[Captioned web images]

——————

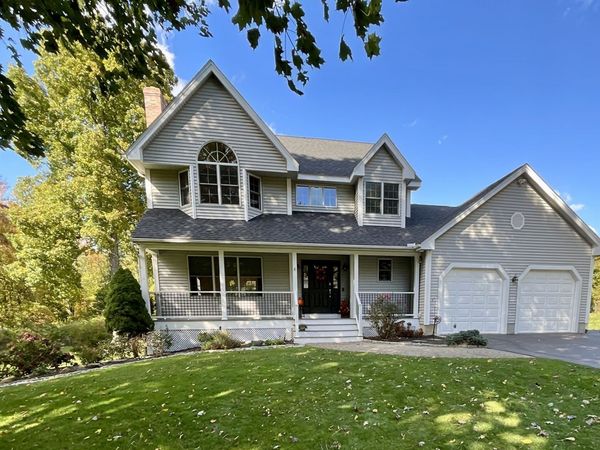 8 Anderson Ln, Grafton, MA 01536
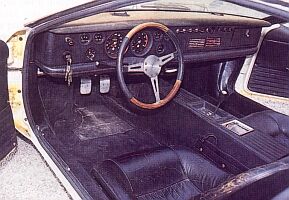 De Tomaso Mangusta cockpit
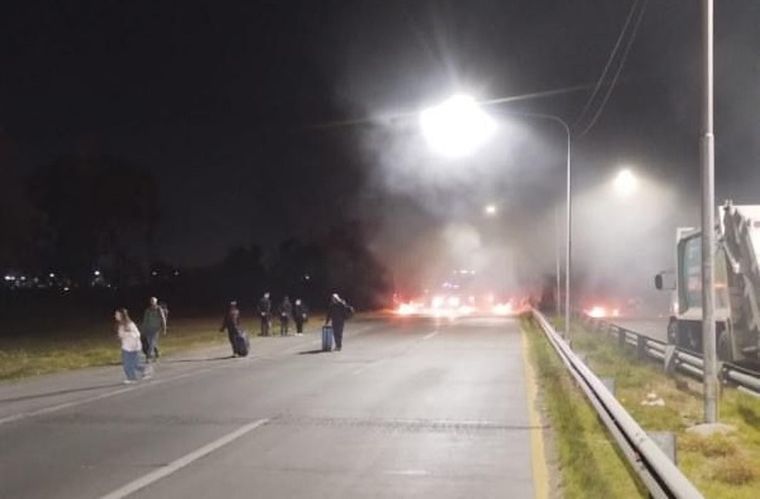 Pasajeros cruzan la ruta a pie Foto: Gentileza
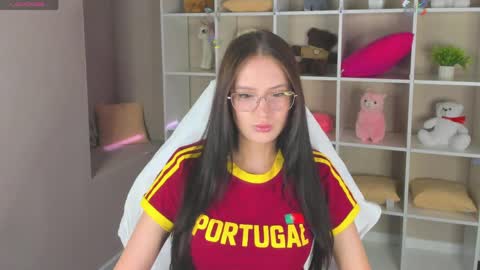 Mia online show from 14, 4, 2026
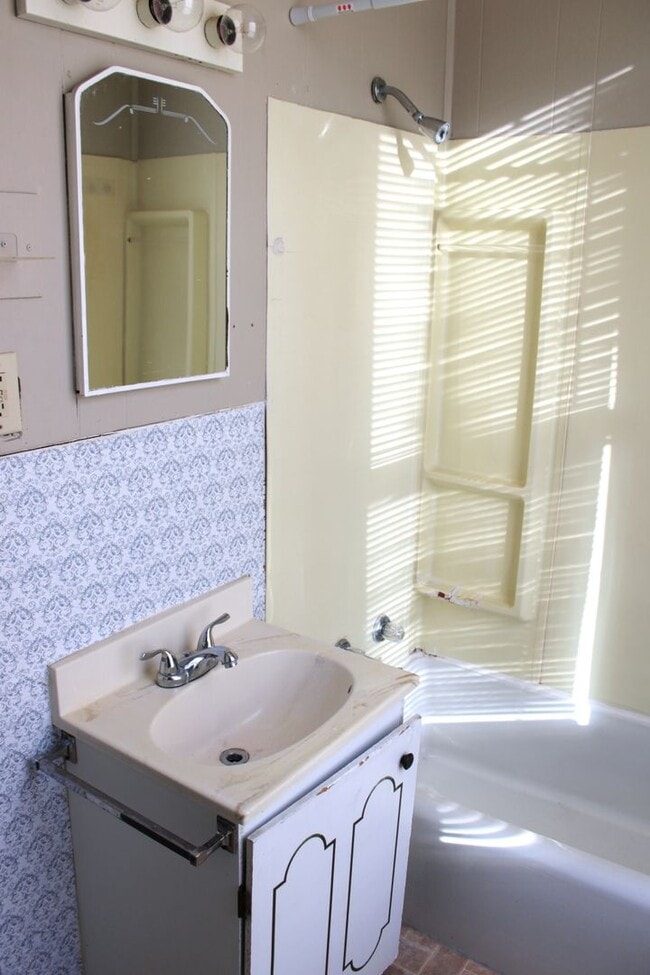 Building Photo - 975 Church St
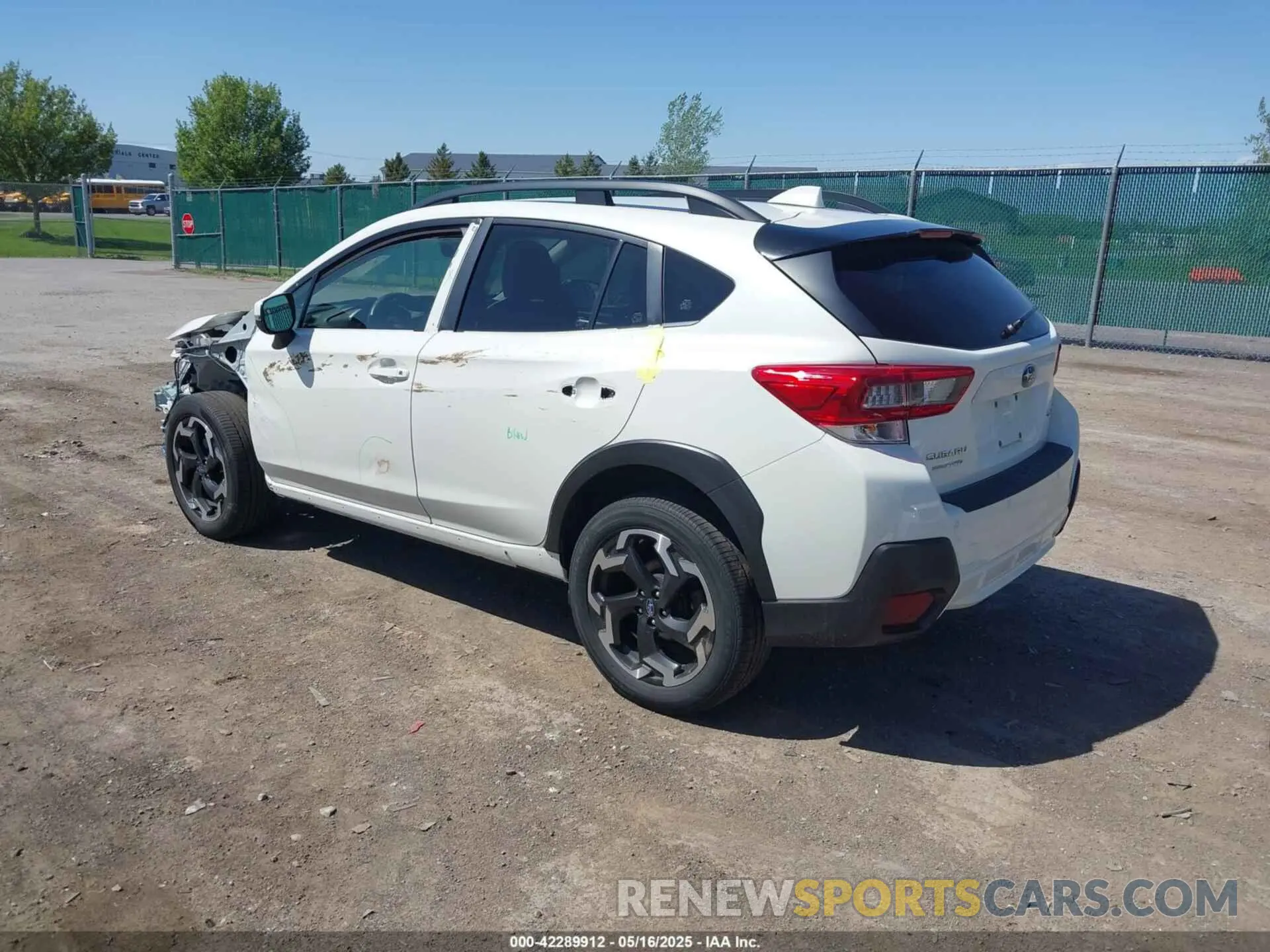 3 fotografías del automóvil dañado JF2GTHMC6PH314922 SUBARU CROSSTREK 2023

——————

§ ASSIGNMENT
Give the data above again in full and unchanged, skipping the pictures.

§ WRITTEN RESPONSE
 8 Anderson Ln, Grafton, MA 01536
 De Tomaso Mangusta cockpit
 Pasajeros cruzan la ruta a pie Foto: Gentileza
 Mia online show from 14, 4, 2026
 Building Photo - 975 Church St
 3 fotografías del automóvil dañado JF2GTHMC6PH314922 SUBARU CROSSTREK 2023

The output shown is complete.